Apparently, the voters decided that these concerns were illegitimate because Klamath Falls voters passed the repeal by a 54-46 margin.

So aside from a lack of data supporting cannabis naysayers concerns, what changed voter minds in these cities? Cannabis business experts have an answer, and that answer is money. Donald Morse, director of the Oregon Cannabis Business Council, gave his thoughts on the repeal and why the voters in these previously opposed rural cities went for it. “I think it’s wonderful they opened up to cannabis,” Morse told CULTURE. “I think they realize that they’re missing out on a lot of tax revenue and that those activities are going on in their communities whether or not they’ve declared it legal. They’re just reacting to what the people want.”
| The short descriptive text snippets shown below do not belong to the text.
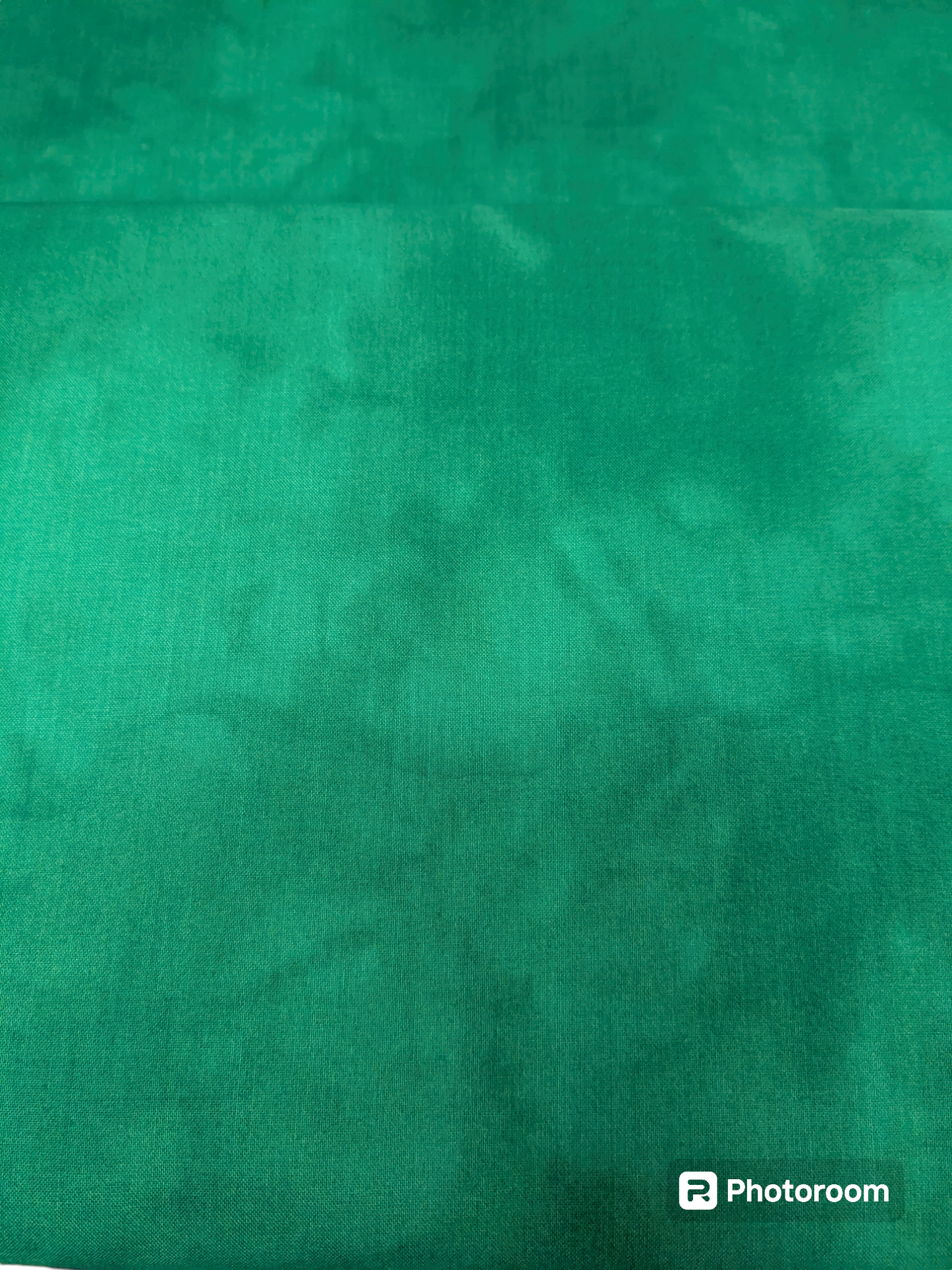 Windham Fabrics - Palette - This Green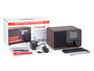 TELESTAR DIRA M 14i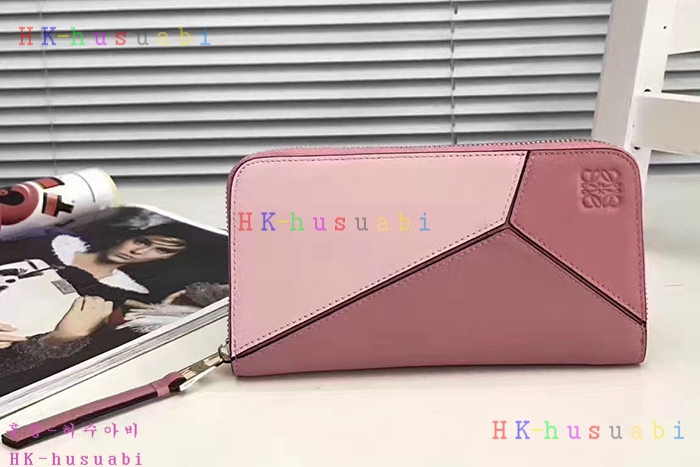 NEW 17F/W �ο��� ���� ���� ������ 30VR53-2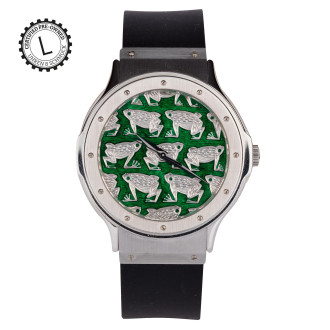 MDM Classic Limited Edition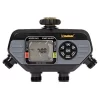 HydroLogic 4-Zone Water Timer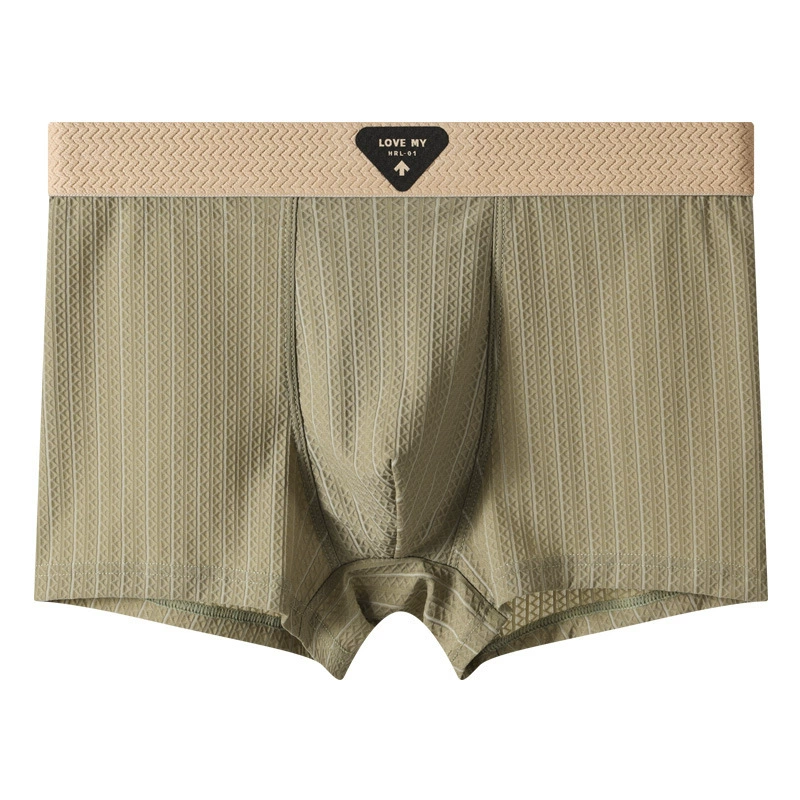 [The upper body is really slim and stylish! ! 】BE cup optional ~ Autumn and winter new honeycomb cup large size underwear, breathable and not sweaty, adjustable double shoulder straps, beautiful and comfortable! 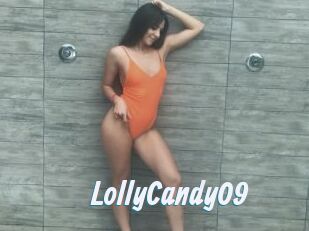 LollyCandy09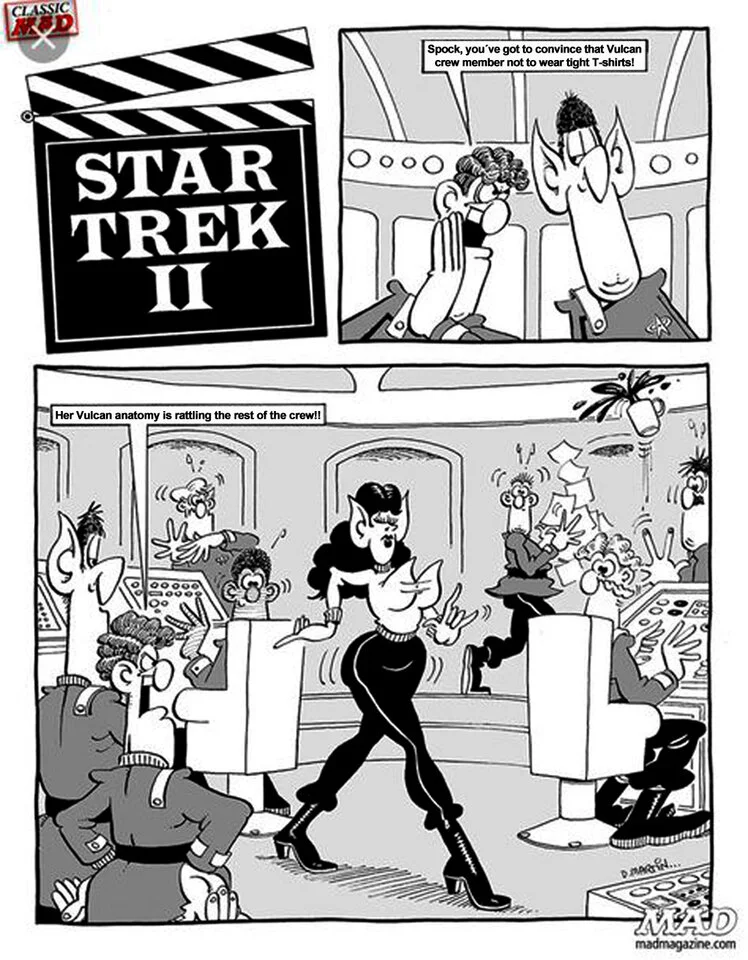 don martin star trek2.webp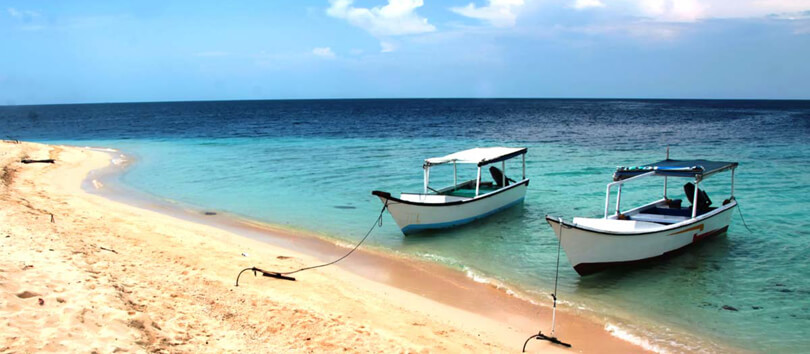 Makassar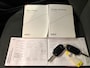 Kia Niro Hybrid 1.6 GDi PHEV Comfort | SOH 94,4% | Stoel- & Stuurverw. | Parkeercamera | Apple Carplay/Android Auto |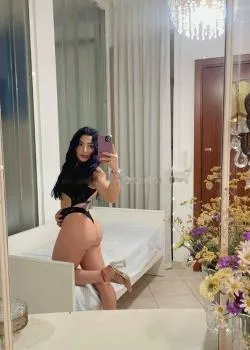 Foto di 3512205984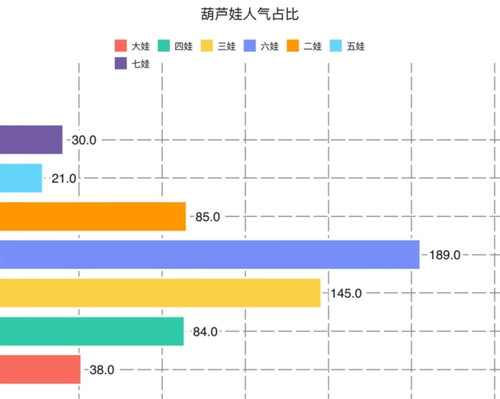 Screenshot 20260224 231151 edit 98013557067225.jpg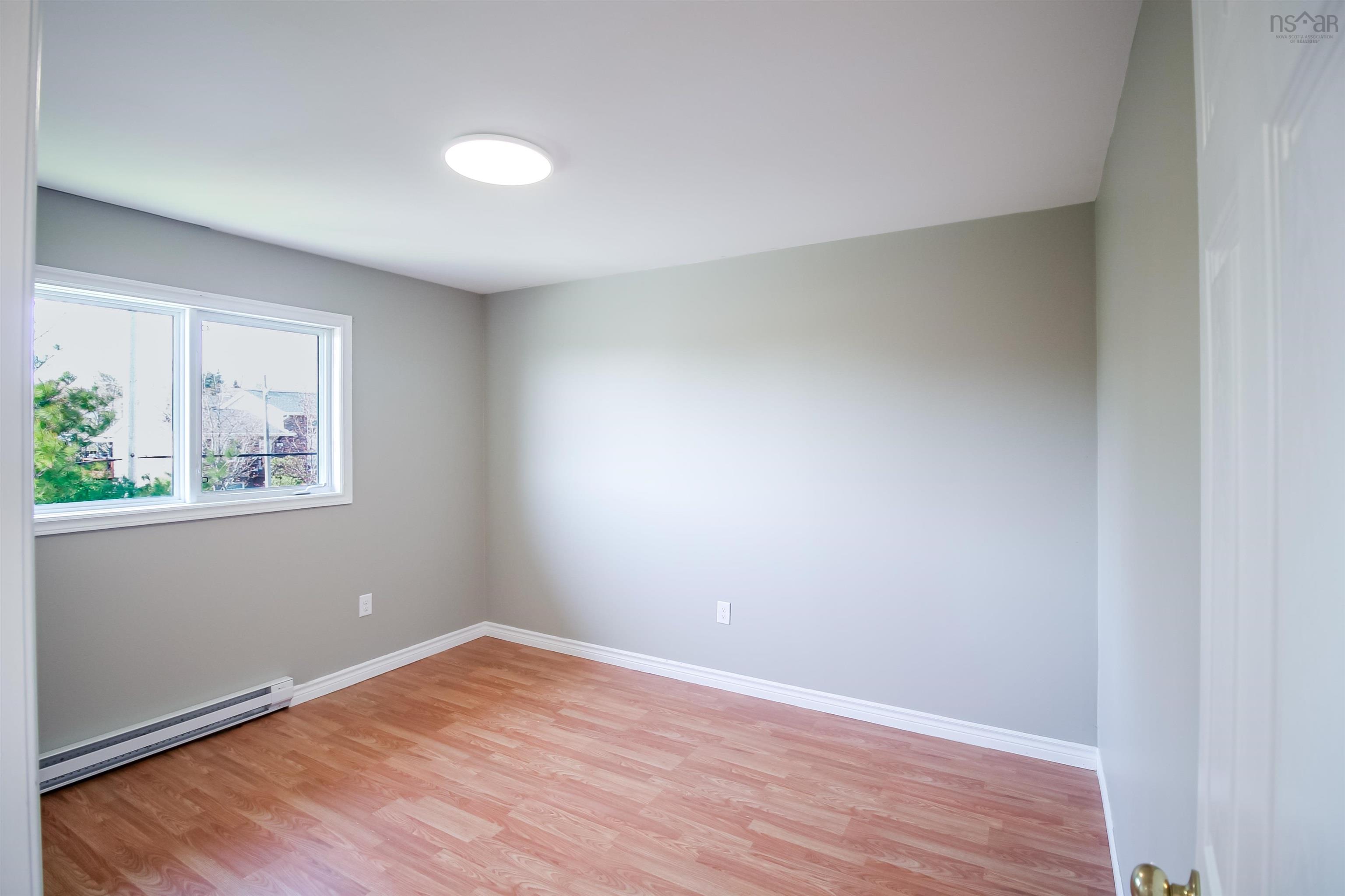 $384,900.00: 109 Hampton Green, Dartmouth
And these cities are wasting no time trying to get started on cashing in on legal cannabis. Within weeks of the election, there were 22 applicants to begin cannabis businesses in Ontario alone. While there won’t be room for all of those businesses in such a tiny town, it’s a promising sign that these cities are ready to benefit from the economic boom that legal cannabis brings. The Oregon Liquor Control Commission (OLCC) has a huge backlog of cannabis business license applicants, but these cities will get priority, explained Mark Pettinger, media relations for OLCC.

“I think they realize that they’re missing out on a lot of tax revenue and that those activities are going on in their communities whether or not they’ve declared it legal.”

 

“We’ve been in contact with the jurisdictions that have recently overturned a marijuana ban,” said Pettinger. “Based on the date when local ordinance changes, we will provide applicants an on-ramp that bypasses the June 2019 pause, which will enable individuals or entities to apply for licenses through the state.”

The June 2019 pause refers to the OLCC’s decision to temporarily stop processing cannabis license applications after June 15.

More and more cities are racing to get in on Oregon’s “Green Rush.” Considering the sorry state of many of Oregon’s rural economies, it seems like common sense that they’d want to allow any industry that will create jobs and tax revenue. With more legal cities, comes the possibility of more positive examples for other cities on the fence about cannabis legalization.